▶ [ACTION ITEM]
Print the listing in its entirety and exactly, leaving out images.

▶ [INPUT DATA]

+ + +

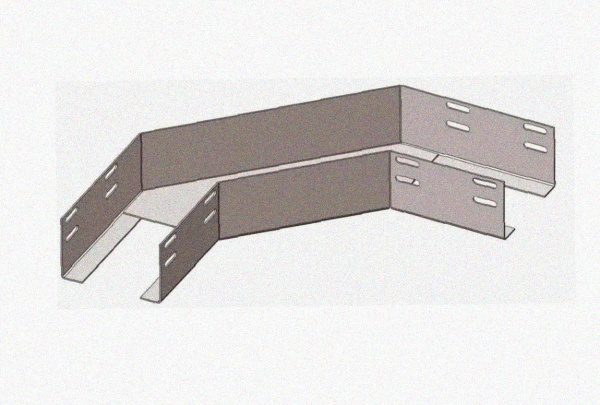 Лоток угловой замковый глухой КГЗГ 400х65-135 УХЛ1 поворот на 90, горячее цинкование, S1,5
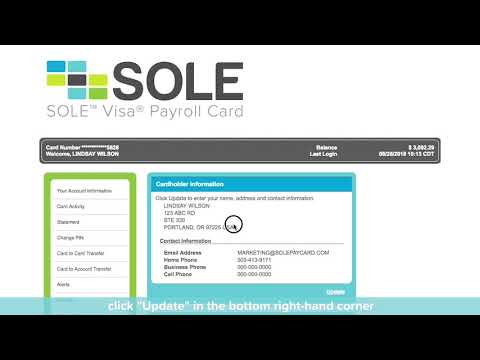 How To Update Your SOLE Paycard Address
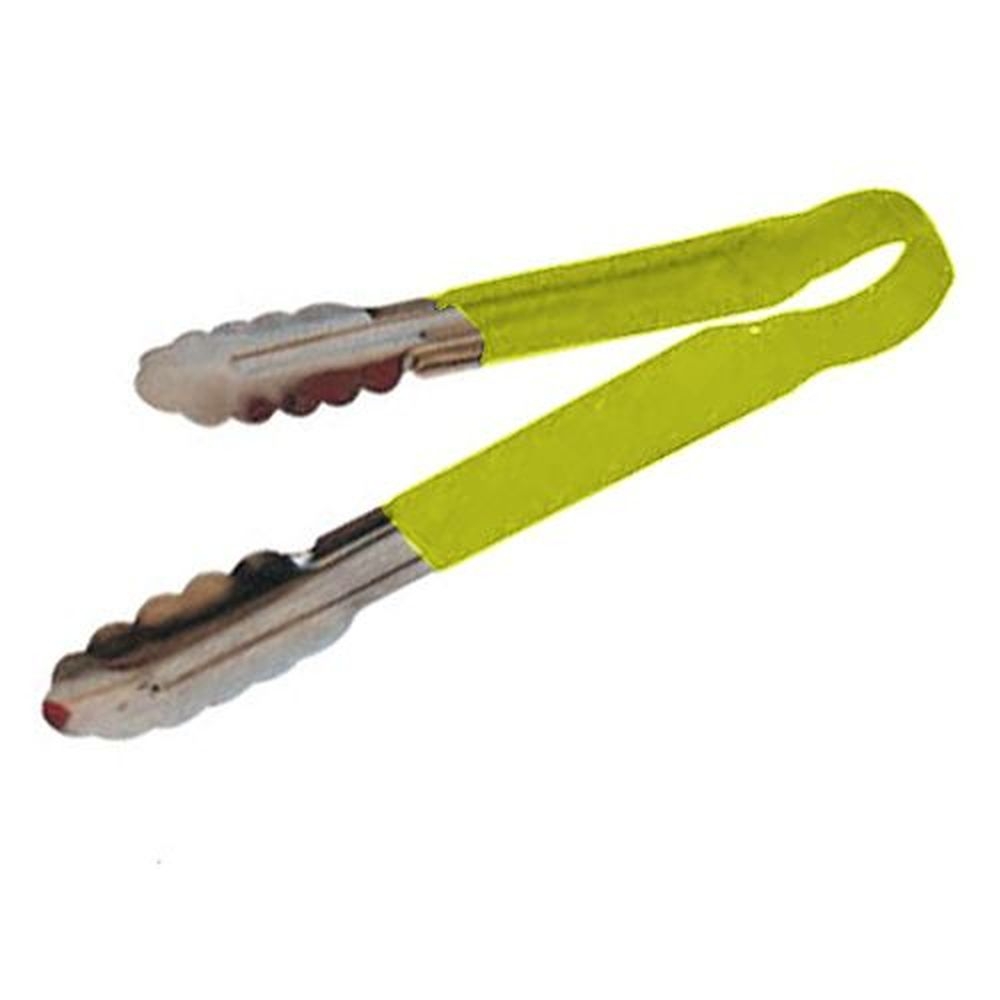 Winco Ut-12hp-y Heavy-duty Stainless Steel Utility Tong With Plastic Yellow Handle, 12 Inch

+ + +

▶ [RESPONSE TO THIS EXERCISE]
 Лоток угловой замковый глухой КГЗГ 400х65-135 УХЛ1 поворот на 90, горячее цинкование, S1,5
 How To Update Your SOLE Paycard Address
 Winco Ut-12hp-y Heavy-duty Stainless Steel Utility Tong With Plastic Yellow Handle, 12 Inch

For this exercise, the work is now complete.